Goal of the exercise →
Beginning at the top of the data below, write out every line exactly until you reach the line with "COLAR PÊNDULO DOURADO MANUELA", and include that line.

Supplied material Block Start

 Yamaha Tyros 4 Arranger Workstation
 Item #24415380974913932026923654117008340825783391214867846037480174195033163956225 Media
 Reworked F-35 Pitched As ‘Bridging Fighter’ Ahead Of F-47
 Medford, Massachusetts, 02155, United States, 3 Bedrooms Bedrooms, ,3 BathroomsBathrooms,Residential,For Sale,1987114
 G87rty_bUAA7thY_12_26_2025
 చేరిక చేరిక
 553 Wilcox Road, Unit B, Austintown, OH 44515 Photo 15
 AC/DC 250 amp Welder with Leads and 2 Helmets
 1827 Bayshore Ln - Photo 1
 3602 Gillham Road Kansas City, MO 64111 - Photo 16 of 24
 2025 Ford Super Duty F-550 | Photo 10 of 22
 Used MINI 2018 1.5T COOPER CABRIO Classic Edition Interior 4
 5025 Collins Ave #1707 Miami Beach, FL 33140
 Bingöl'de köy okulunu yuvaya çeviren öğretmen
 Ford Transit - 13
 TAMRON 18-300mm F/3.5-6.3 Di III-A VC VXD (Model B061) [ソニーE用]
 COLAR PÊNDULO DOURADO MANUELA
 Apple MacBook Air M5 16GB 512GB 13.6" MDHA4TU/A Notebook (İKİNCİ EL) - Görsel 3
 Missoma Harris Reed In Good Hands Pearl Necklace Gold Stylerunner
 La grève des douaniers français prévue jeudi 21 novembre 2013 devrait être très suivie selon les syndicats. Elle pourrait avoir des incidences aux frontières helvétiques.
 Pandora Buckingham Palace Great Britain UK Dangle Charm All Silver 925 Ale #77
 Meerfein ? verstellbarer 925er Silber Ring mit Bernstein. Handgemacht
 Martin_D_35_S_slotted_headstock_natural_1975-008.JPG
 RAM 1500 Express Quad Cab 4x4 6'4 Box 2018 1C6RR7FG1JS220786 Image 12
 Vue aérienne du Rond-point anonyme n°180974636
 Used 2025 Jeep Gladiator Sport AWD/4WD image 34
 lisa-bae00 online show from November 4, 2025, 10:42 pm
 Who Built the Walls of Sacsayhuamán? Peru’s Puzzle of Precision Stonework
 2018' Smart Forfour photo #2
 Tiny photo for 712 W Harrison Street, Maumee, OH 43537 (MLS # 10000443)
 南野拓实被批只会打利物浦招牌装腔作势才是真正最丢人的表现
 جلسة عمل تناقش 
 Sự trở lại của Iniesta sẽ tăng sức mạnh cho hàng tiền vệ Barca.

Supplied material Block End

Task solution →
 Yamaha Tyros 4 Arranger Workstation
 Item #24415380974913932026923654117008340825783391214867846037480174195033163956225 Media
 Reworked F-35 Pitched As ‘Bridging Fighter’ Ahead Of F-47
 Medford, Massachusetts, 02155, United States, 3 Bedrooms Bedrooms, ,3 BathroomsBathrooms,Residential,For Sale,1987114
 G87rty_bUAA7thY_12_26_2025
 చేరిక చేరిక
 553 Wilcox Road, Unit B, Austintown, OH 44515 Photo 15
 AC/DC 250 amp Welder with Leads and 2 Helmets
 1827 Bayshore Ln - Photo 1
 3602 Gillham Road Kansas City, MO 64111 - Photo 16 of 24
 2025 Ford Super Duty F-550 | Photo 10 of 22
 Used MINI 2018 1.5T COOPER CABRIO Classic Edition Interior 4
 5025 Collins Ave #1707 Miami Beach, FL 33140
 Bingöl'de köy okulunu yuvaya çeviren öğretmen
 Ford Transit - 13
 TAMRON 18-300mm F/3.5-6.3 Di III-A VC VXD (Model B061) [ソニーE用]
 COLAR PÊNDULO DOURADO MANUELA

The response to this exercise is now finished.